Resource Manager (Master)
The resource manager manages the file system by processing different types of tasks, such as creating/deleting/updating/loading partitions and keeping track of the resource status (such as the memory/disk utilization). The resource manager is also responsible for creating new volumes and adding new meta/data nodes to the CubeFS cluster. It has multiple replicas, among which the consistency is maintained by a consensus algorithm such as Raft, and persisted to a key value store such as RocksDB for backup and recovery.
The resource manager is a utilization-based distribution strategy to places the file metadata and contents across different meta and data nodes. Because each node can have multiple partitions, and the partitions in a volume do not need to reside on the same node, this distribution can be controlled at a finer granularity, resulting a more efficient resource management. Specifically, the distribution of file metadata and contents works follows:
First, when mounting a volume, the client asks the resource manager for a set of available meta and data partitions. These partitions are usually the ones on the nodes with the lowest memory/disk utilizations. Later on, when writing a file, the client can only choose the meta and data partitions in a random fashion from the ones allocated by the resource manager.
Second, when the resource manager finds that all the partitions in a volume is about to be full, it automatically adds a set of new partitions to this volume. These partitions are usually the ones on the nodes with the lowest memory/disk utilizations. Note that, when a partition is full, or a threshold (i.e., the number of files on a meta partition or the number of extents on a data partition) is reached, no new data can be stored on this partition, although it can still be modified or deleted.

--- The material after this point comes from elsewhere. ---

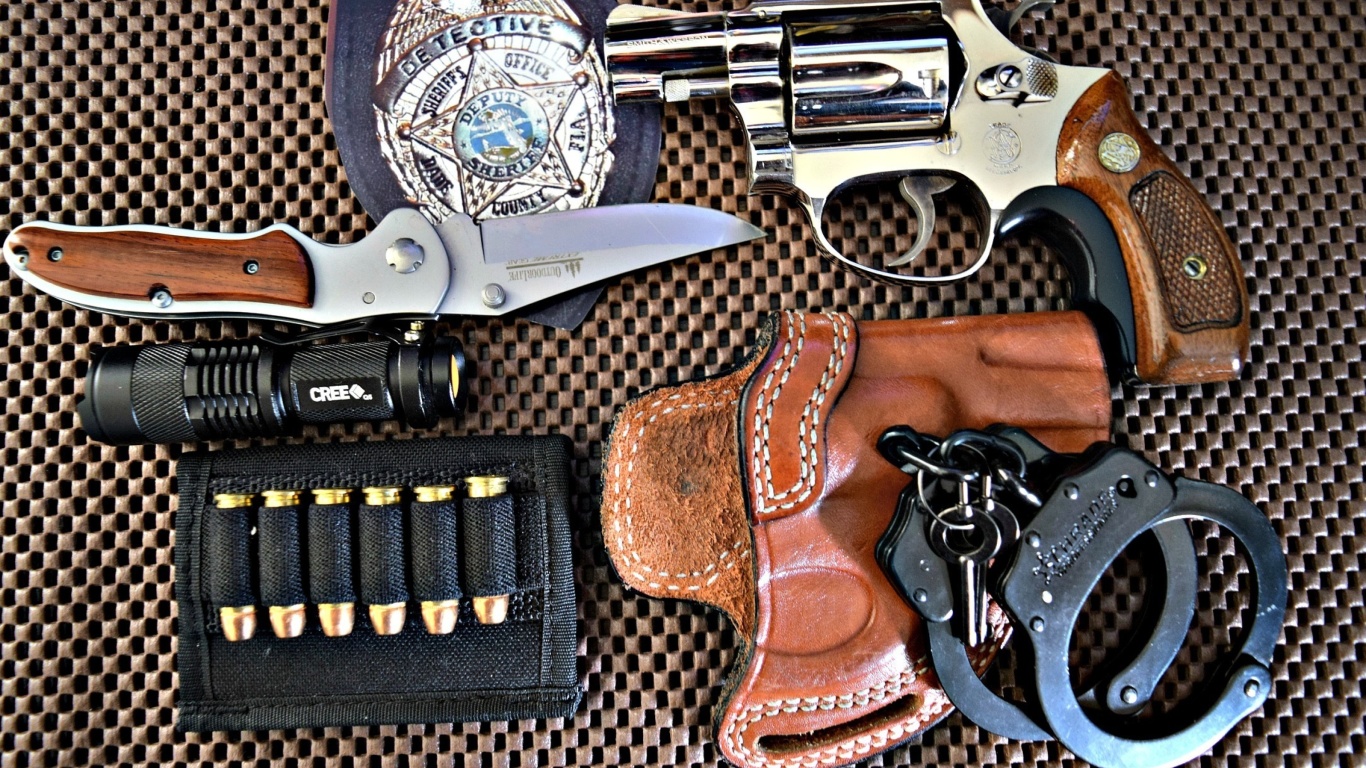 Colt, handcuffs and knife wallpaper 1366x768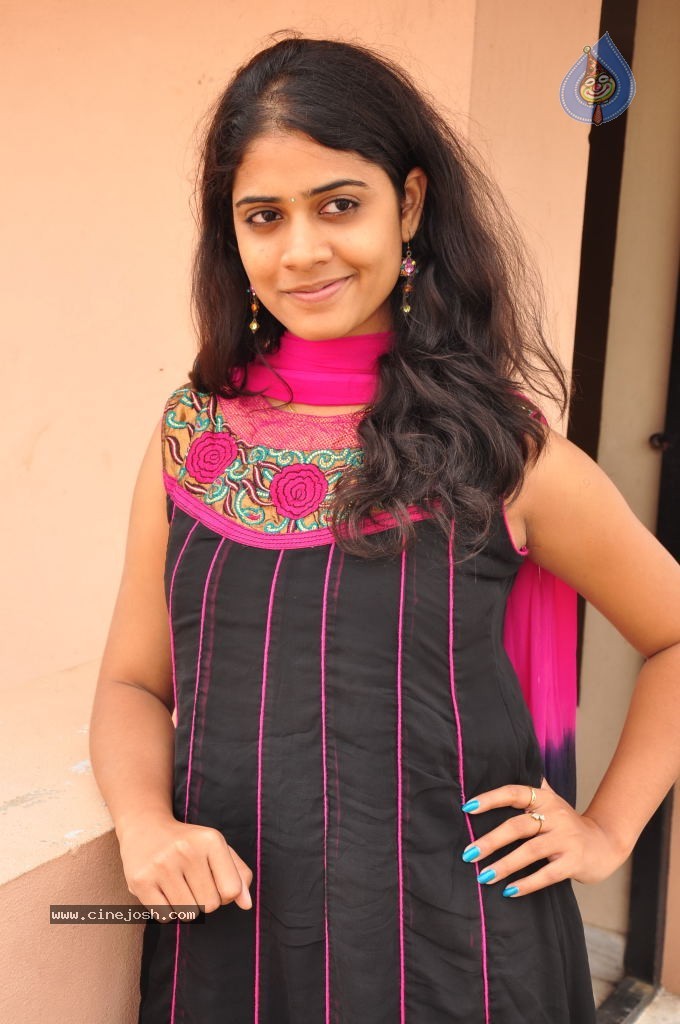 Samatha New Photos - 37 / 87 photos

When choosing partitions for the replicas, the resource manager ensures that two replicas of the same partition never reside on the same node.
Meta Partition Splitting
There is a special requirement when splitting a meta partition. In particular, if a meta partition is about to reach its upper limit of the number of stored inodes and dentries, a splitting task needs to be performed with the requirement to ensure that the inode ids stored at the newly created partition are unique from the ones stored at the original partition.
To meet this requirement, when splitting a meta partition, the resource manager cuts off the inode range of the meta partition in advance at a upper bound end, a value greater than highest inode id used so far (denoted as maxInodeID), and sends a split request to the meta node to (1) update the inode range from 1 to end for the original meta partition, and (2) create a new meta partition with the inode range from end + 1 to infinity for this volume. As a result, the inode range for these two meta partitions becomes [1, end] and [end + 1, infinity], respectively. If there is another file needs to be created, then its inode id will be chosen as maxInodeID + 1 in the original meta partition, or end + 1 in the newly created meta partition. The maxInodeID of each meta partition can be obtained by the periodical communication between the resource manager and the the meta nodes.
When a request to a meta/data partition times out (e.g., due to network outage), the remaining replicas of this partition are marked as read-only. When a meta/data partition is no longer available (e.g., due to hardware failures), all the data on this partition will eventually be migrated to a new available partition manually. This unavailability is identified by the multiple failures reported by the node when operating the files.